Extracted data entries
* * * * *

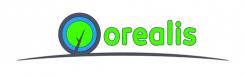 Logo # 376274 voor Logo voor Orealis wedstrijd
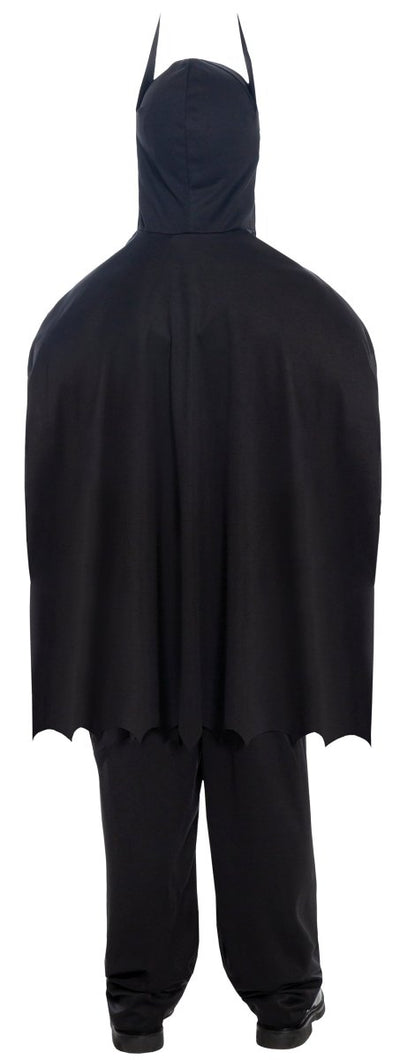 Superheld Pak Vleermuis Kind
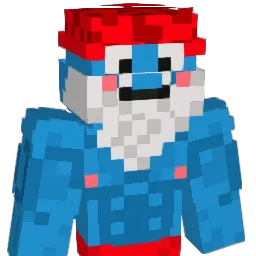 CIVJ's Minecraft skin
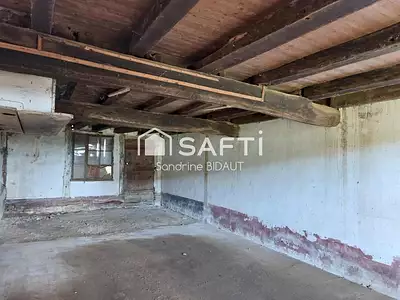 Maison, 70 m²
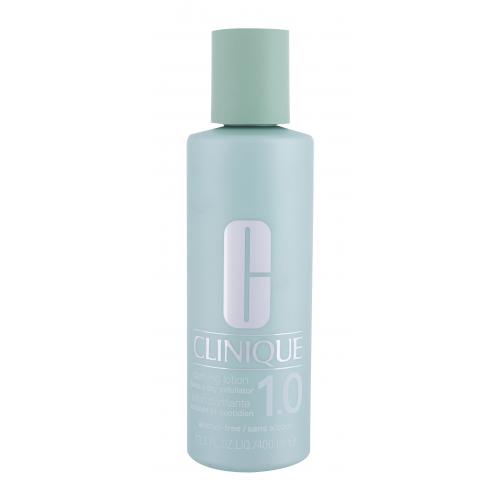 Clinique 3-Step Skin Care 1.0 400 ml loțiune de curățare pentru femei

* * * * *

In the records above, find the line containing "Superheld Pak Vleermuis Kind" and restate it and every line after it word for word, all pictures excluded.

Completed exercise:
 Superheld Pak Vleermuis Kind
 CIVJ's Minecraft skin
 Maison, 70 m²
 Clinique 3-Step Skin Care 1.0 400 ml loțiune de curățare pentru femei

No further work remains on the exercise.